1. Sorting the List:

   • Before performing binary search, we need to sort the list of coordinates.
   • Sorting a list of size N has a time complexity of O(N log N).

2. Handling Each Query:

   • For each query, we use binary search to find the first and last occurrences of a number in the sorted list:
     • bisect_left(lst, target) performs a binary search to find the index of the first occurrence of the target. It runs in O(log N) time.
     • bisect_right(lst, target) performs a binary search to find the index of one past the last occurrence of the target. It also runs in O(log N) time.

3. Final Complexity:

   • Sorting the list of size N takes O(N log N).
   • For each query, performing two binary search operations takes O(log N).
   • If there are M queries, the total time complexity for handling all queries is O(M log N).

Therefore, the overall time complexity is:

• O(N log N) for sorting the list of coordinates.
• O(M log N) for processing each query.

Thus, the final total time complexity is:

• O(N log N + M log N).

1. Space for the Sorted List:

   • The list lst stores N elements.

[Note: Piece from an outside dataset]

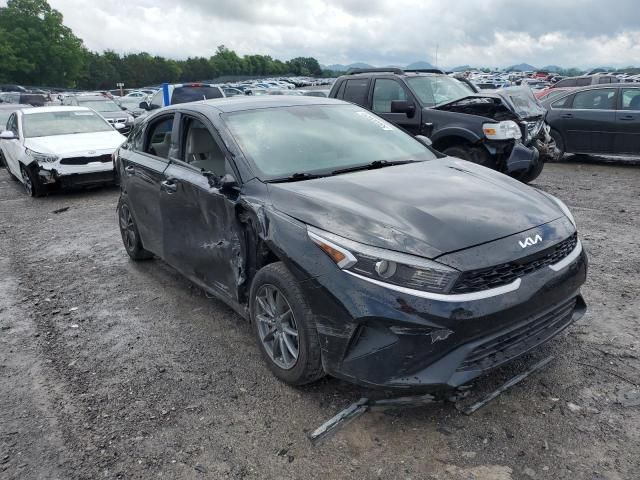 2023 KIA Forte LX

Sorting it in place requires O(N) additional space.

2. Space for Storing Results:

   • We store the results of each query in a list of size M, so the space for the result is O(M).

3. Binary Search Operations:

   • Each binary search (bisect_left and bisect_right) operates in O(1) extra space, as they work directly on the list.

Final Space Complexity:

• O(N) for storing the sorted list of coordinates.
• O(M) for storing the results of each query.

Thus, the overall space complexity is:

• O(N + M).

Summary:

• Time Complexity: O(N log N + M log N)
• Space Complexity: O(N + M)

This approach is efficient and scales well for large input sizes.